Динамик долго молчал. Потом принадлежащий Виктору Ивановичу голос заметил снисходительно:
– Разыгрываете, Игорь Евгеньевич. Его даже на аэродром никто не пропустит…
– Да нет, розыгрышем здесь не пахнет. Просто он отличный пилот. Я его уже вызвал.
– Игорь Евгеньевич, я вас умоляю… Давайте хоть на сей раз без экспериментов. Кто он такой – господь бог? Есть же два дублера, есть в конце концов целая эскадрилья проверенных подготовленных ребят…
Серьезное должностное лицо явно наслаждалось своей невидимой, но прочной властью над этакой важной птицей. Хотя Виктор Иванович не демонстрировал ее, а даже наоборот – преподносил зависимым, подчиненным тоном. Но Минка это не раздражало – нужно уважать чужое удовольствие. К тому же как истинно интеллигентный человек он привык относиться терпимо к людским слабостям.
– Виктор Иваныч, уважьте стариковский каприз. Раз в шестьдесят лет могу я себе позволить? Для меня этот парень как талисман, что ли…
– Как не уважить, товарищ Минк, вы царь и бог… Вам все позволено! – нагло льстило должностное лицо, отлично знавшее, кому и сколько позволено. – Это я, бессловесный исполнитель, могу только по инструкции. Вверх-вниз, как муха на булавке, – мялся Виктор Иванович, не зная, как подать свое согласие.
– Ну вот и хорошо. Чувствую, что убедил вас, – помог ему Минк, чтобы закончить наскучивший уже разговор. Он, конечно, ни секунды не сомневался, что все будет так, как нужно ему.
В доме было темно. Эдгар вынул из знакомой щели ключ, отпер дверь. Тихо вошел, зажег свет. В спокойном уюте обжитого дома мигом спа́ла его нервная торопливость… Так и не пришлось ему побыть под родительской крышей.
Собраться – минутное дело. Фуражка на вешалке, чемоданчик так и валяется нераспакованным. Но Эдгар медлил, прислушивался, перебирая в уме все события сегодняшнего дня. Потоптавшись, он все же чуть приоткрыл дверь в родительскую спальню. И увидел аккуратно застеленную постель, к которой никто не прикасался. Эдгар поставил чемоданчик на пол, взглянул на часы – половина второго.
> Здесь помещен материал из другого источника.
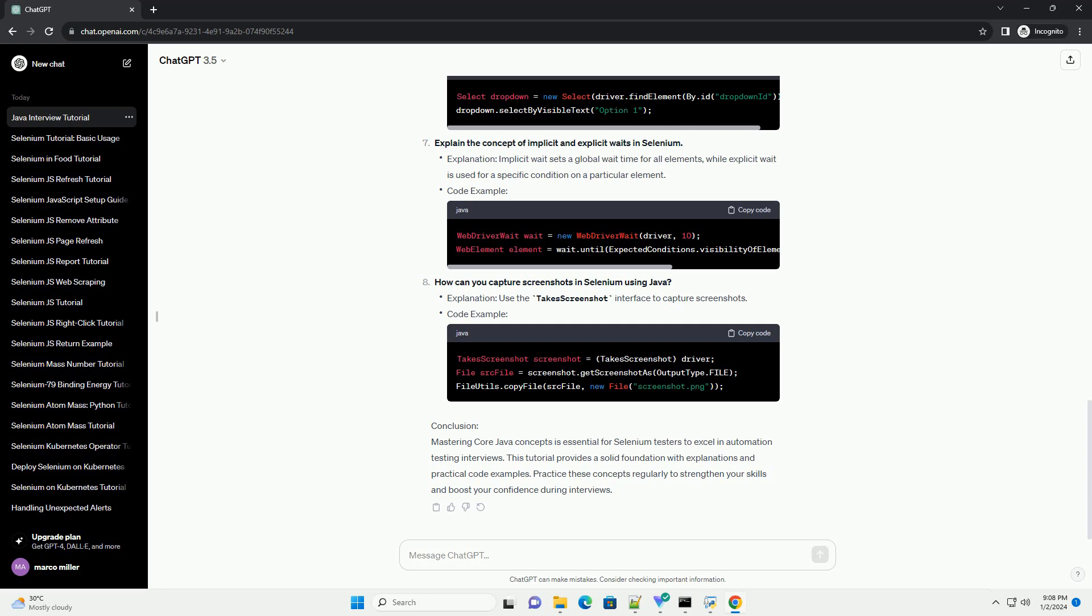Explain the concept of implicit and explicit waits in Selenium. Explanation: Implicit wait sets a global wait time for all elements, while explicit wait is used for a specific condition on a particular element. Code example.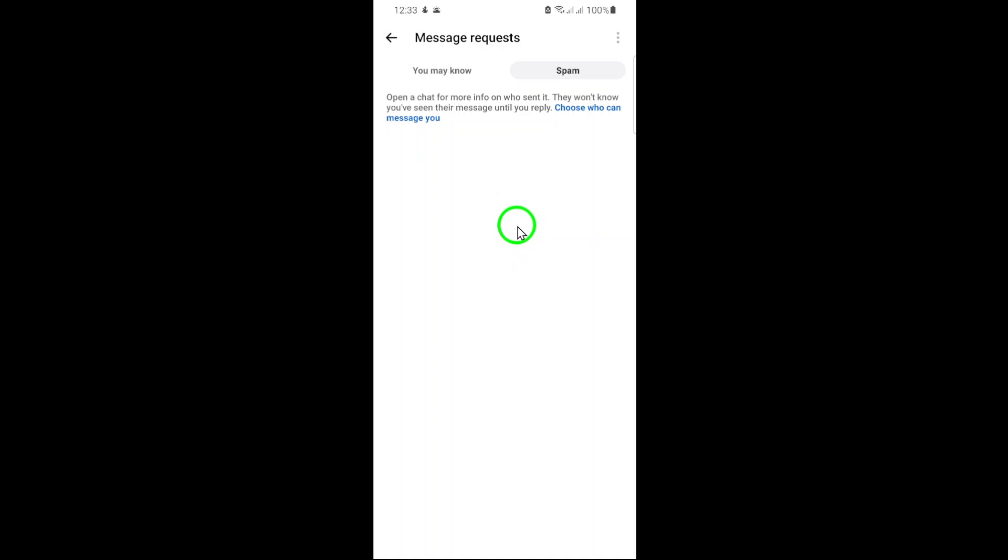By following these steps, you can keep your Messenger inbox clean and free from unwanted clutter. That's it. You've successfully learned how to delete spam chats on Facebook Messenger. Make sure to check this section regularly to ensure your inbox stays secure and organized. Thanks for tuning in.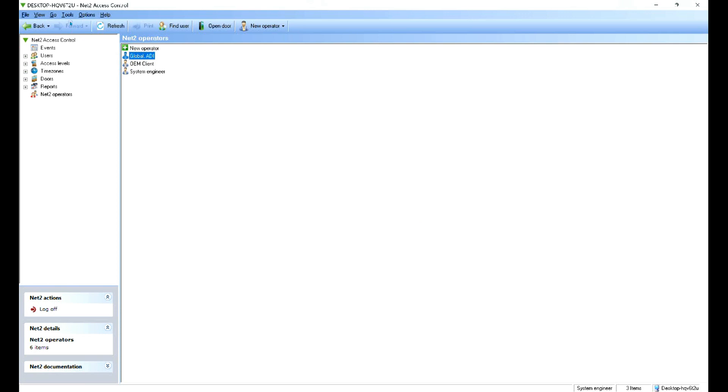And now you can see they're added as an operator. If they don't initially appear, just click on refresh. That'll show them through. And there you go. You've now created an operator, in our case, a supervisor who can do most of the general admin to run the Net2 system.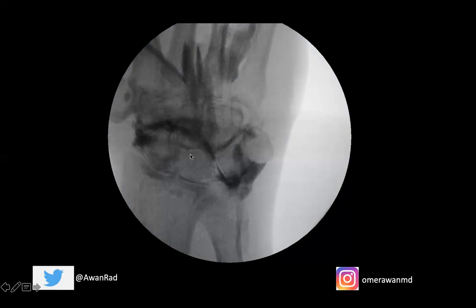This is the lunate. This here is the triquetrum. This circular bone is the pisiform. And then you have the trapezium, the trapezoid, the capitate, and the hamate here. This is the hook of the hamate. These are the five metacarpal bones. And of course we have the radius and the ulna here.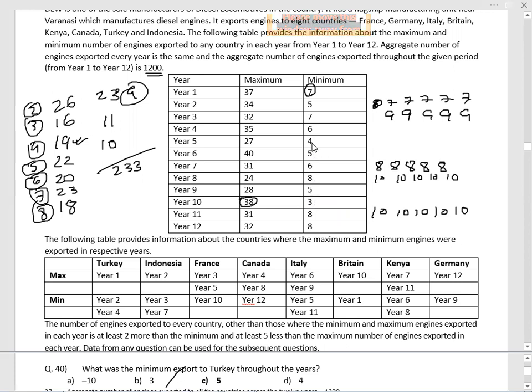In year 5, the minimum value is 4, taken by Italy. Therefore, Turkey must receive at least 2 more than 4, giving a minimum of 6 for Turkey in year 5. So the overall lowest possible value for Turkey across all years is 5.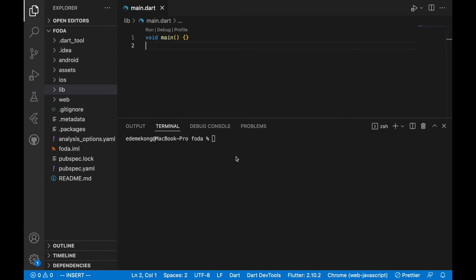That's where version control comes in. Version control helps us as developers keep track of our software code and the changes we make. We are going to use Git and GitHub for that. Git functions as the local path — installed on your local machine to track your code — and GitHub is where you store and share those tracked changes when working with a team.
Прошел в гостиную, включил люстру.
– Отец! – позвал он робко, как ребенок в лесу, который еще не понимает, что заблудился.
На диване валялся китель. Тот самый, в котором был отец, когда они встретились днем.
– Отец! – позвал он еще раз, но ему никто не ответил.
Машинально Эдгар взял в руки китель, накинул на спинку стула. Расправляя, будто слегка приобнял отца за пустые плечи. Еще раз взглянул на часы. Пора! И заметался, чувствуя, но не зная, что именно должен он сделать напоследок. Схватил клочок бумаги, начал писать: «Отец, не знаю…» Скомкал листок, швырнул его в вазу богемского стекла. Что-то вспомнив, бросился в ванную. На полке лежала плоская бритва. Он торопливо запихал ее в карман. Из огромного зеркала на него снова смотрело собственное отражение. Оно было уже не таким самодовольным и высокомерным, как утром. И, глядя на эту знакомую физиономию, Эдгар вдруг понял, что нужно сделать. Порывшись в коробках, нашел черный карандаш, который показался подходящим. Кроша мягкий грифель, он начал писать по-мальчишески размашисто, через все зеркало: «Отец, не обижайся…»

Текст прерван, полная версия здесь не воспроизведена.